Nella preghiera, Gesù cerca un incontro diretto, personale, con Dio, pur con tutti i rischi che può comportare. In questo incontro prendono forma le sue scelte e la sua pratica di umanità. Per Gesù è indispensabile stare con Dio e fare la sua volontà. Nei pochi esempi della sua preghiera che i vangeli riportano direttamente, quest’ultimo aspetto è senz’altro preminente (cfr. Mt 6,10; 26,42; Mc 14,36; Lc 22,42). Anzi, Gesù è arrivato a dare la precedenza al compimento della volontà di Dio rispetto alla professione di fede e alla pratica religiosa.

«Non chiunque mi dice: “Signore, Signore”, entrerà nel regno dei cieli, ma colui che fa la volontà del Padre mio che è nei cieli» (Mt 7,21).

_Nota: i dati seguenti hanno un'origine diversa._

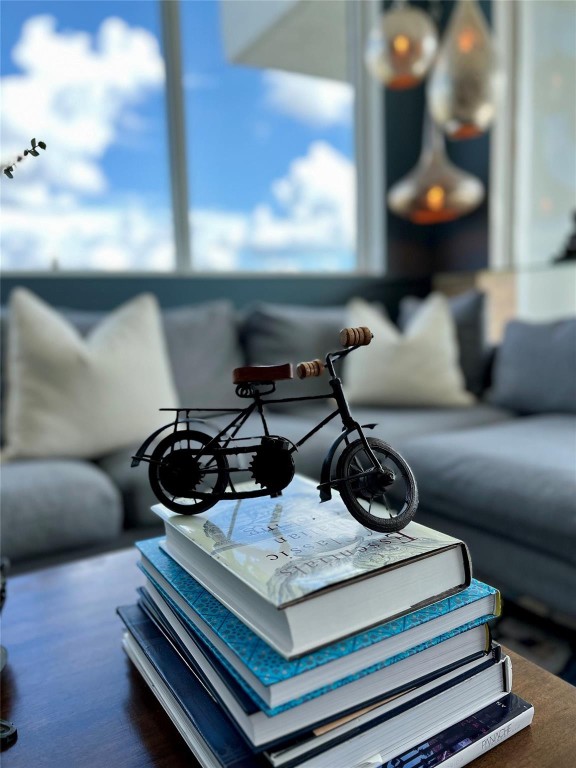 Strada 315 Condo - Residential Lease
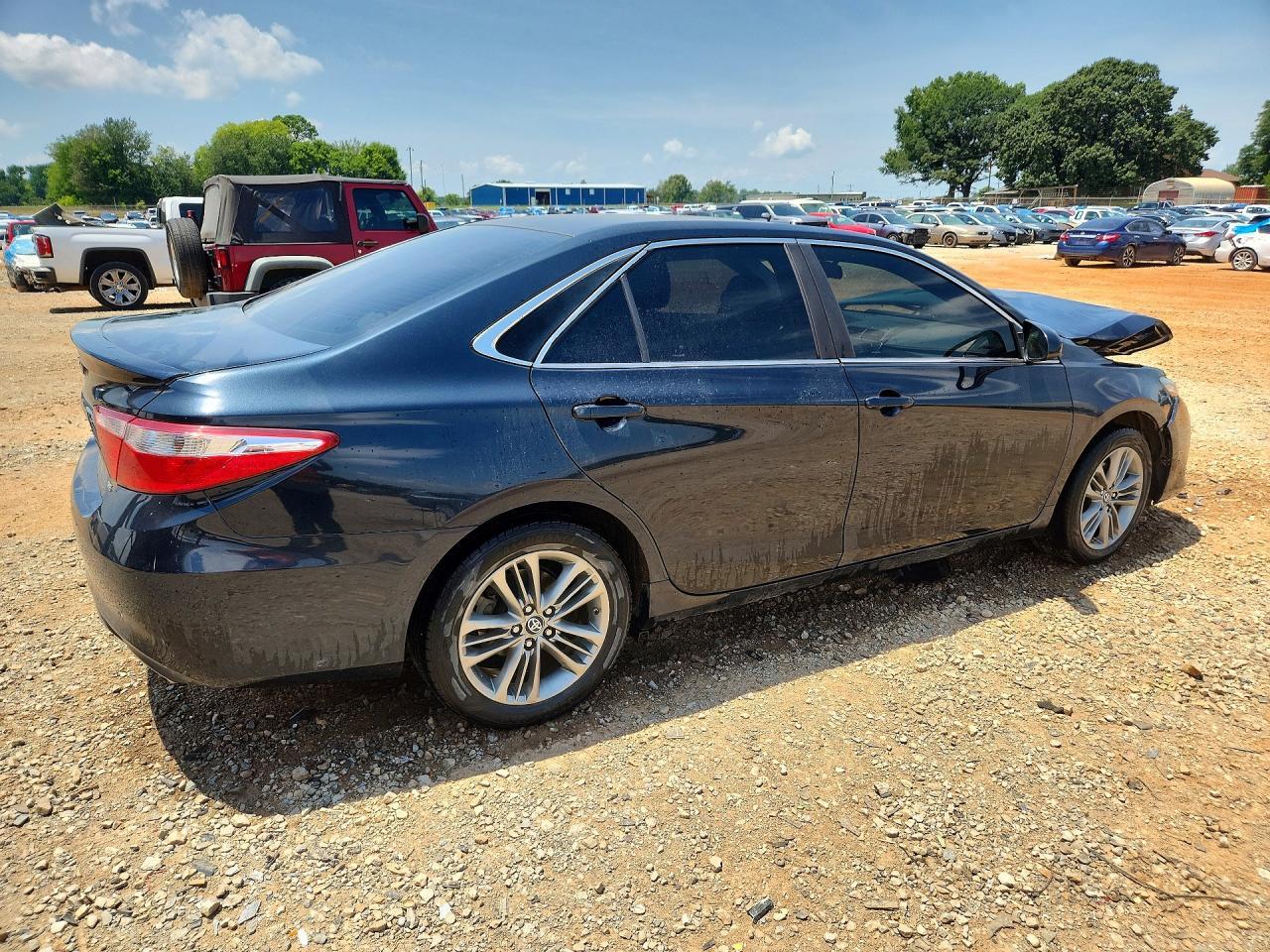 2016 Toyota Camry Se - Image 3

Può essere benissimo che una persona faccia la volontà di Dio, la quale non è altro che amore, pur senza dirsi cristiana o addirittura senza esserlo. Con questo, Gesù non rende superflua la fede religiosa. Proprio la sua preghiera intensa e quotidiana ci ricorda che l’uomo non vive di solo pane, ma di ogni parola che esce dalla bocca di Dio (cfr. Mt 8,3; Sap 16,26; cfr. Mt 4,4). È necessario, allora – così come è necessario respirare, bere e nutrirsi –, porsi in ascolto della Parola di Dio per vivere.

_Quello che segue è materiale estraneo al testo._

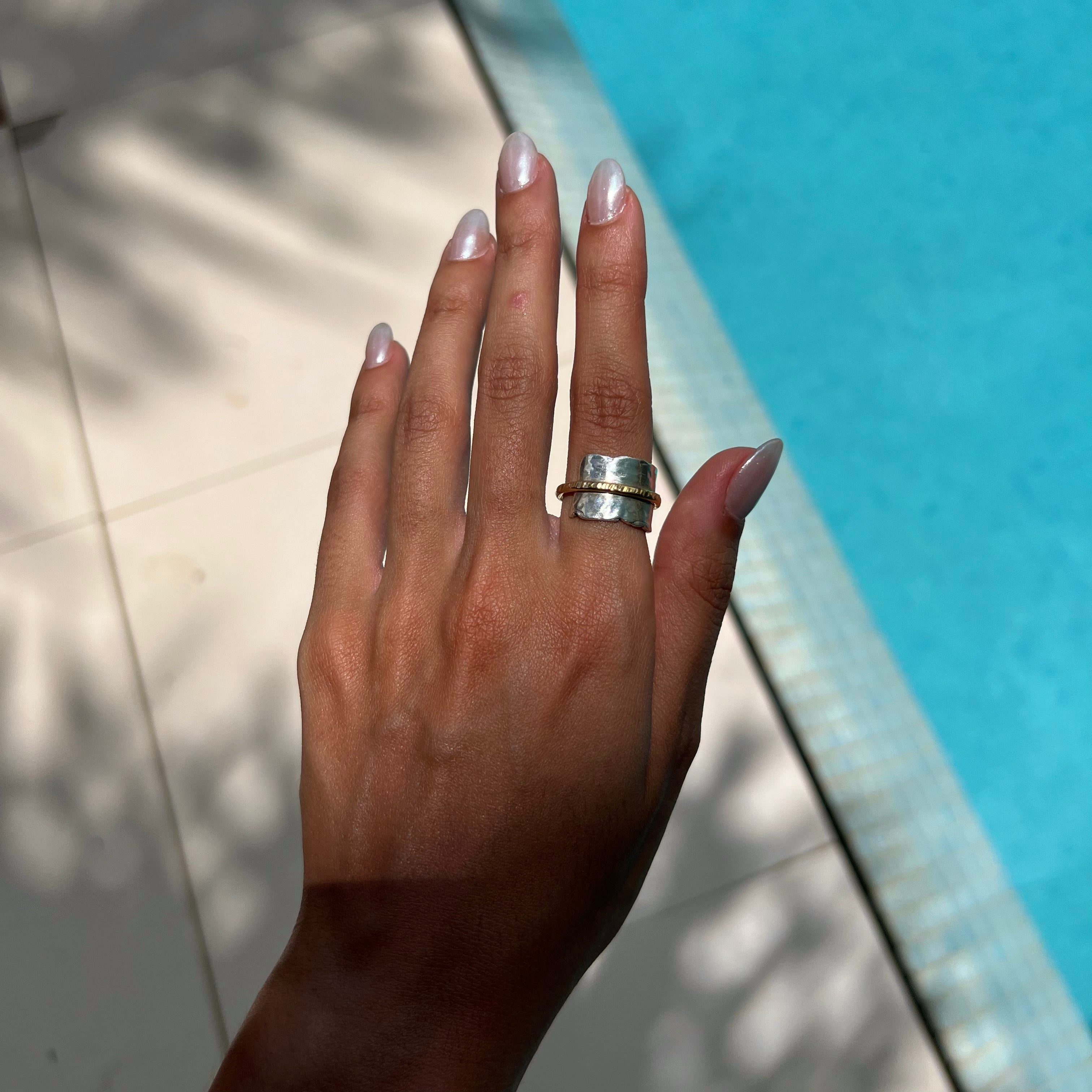DEPENDENCIA RING - anillo artesanal en plata .925, hecho en Taxco México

Certo, questo non può limitarsi a un’esperienza religiosa puramente esteriore: se il comandamento nuovo di Gesù è amare come lui ha amato (cfr. Gv 15,12), come si può amare Dio che non vediamo, senza amare il fratello che vediamo (cfr. 1 Gv 4,19)? La capacità di amare è sicuramente accessibile a ogni persona, indipendentemente dal suo credo religioso, ma chiunque riconosce in Dio, come Gesù, l’origine della propria capacità di amare non può fare a meno di porsi in suo ascolto per esserne educato e crescere. Perché, come sottolinea la prima lettera di Giovanni, l’amore è da Dio:

chiunque ama è stato generato da Dio e conosce Dio (4,7).

Gesù è agli antipodi dell’individuo autosufficiente, che fa di sé stesso la misura di tutte le cose e attribuisce un valore assoluto ai propri sentimenti ed emozioni. Sarebbe la più alta forma di narcisismo. Chi vive del pane della Parola di Dio riconosce in lui, non in se stesso, la misura più alta dell’umanità e dell’amore. Si pone perciò alla sua scuola, cogliendo in lui una più grande pienezza d’amore. Detto ancora con Giovanni, Dio è più grande del nostro cuore, tanto che possiamo avere fiducia in lui persino se il nostro stesso cuore ci condanna (cfr. 1 Gv 3,20-21).

Qui tocchiamo un punto nevralgico: la preghiera per Gesù è vitale, ma non come un fine. Non è l’acquisizione di una raffinata tecnica religiosa che diventi un motivo di vanto. Si prega per entrare in comunione con Dio, per ricevere il suo Spirito; in altre parole: per amare con il cuore di Dio, perché ogni pensiero e sentimento sia da Lui ispirato. Si spiegano così le parole di Serafim di Sarov: «Il vero scopo della nostra vita cristiana è l’acquisizione dello Spirito santo, mentre la preghiera, il digiuno, le veglie, la condivisione dei beni e le altre buone opere compiute per amore di Cristo sono solo dei mezzi per acquisire lo Spirito santo»[2].

La sua preghiera attesta che, per Gesù, Dio era al centro della vita, per usare il linguaggio del teologo Dietrich Bonhoeffer. Questi rilievi dovrebbero essere sufficienti per smentire le interpretazioni di Gesù in termini esclusivamente mondani, senza alcun rapporto con il divino e la trascendenza. politico, rivoluzionario, pensatore etico… Sono alcune delle identità attribuite al nazareno cercando di separarlo da Dio, ma non tengono conto che la sua preghiera è uno dei tratti storicamente certi, per nulla convenzionale o secondario.

Christian Albini

[1] Christian Duquoc, La preghiera di Gesù, in «Concilium» 9/1982, p. 32.

[2] Serafim di Sarov, Colloquio con Motovilov, in Pavel Evdokimov, Serafim di Sarov, uomo dello Spirito, Qiqajon, Bose 1996, p. 69.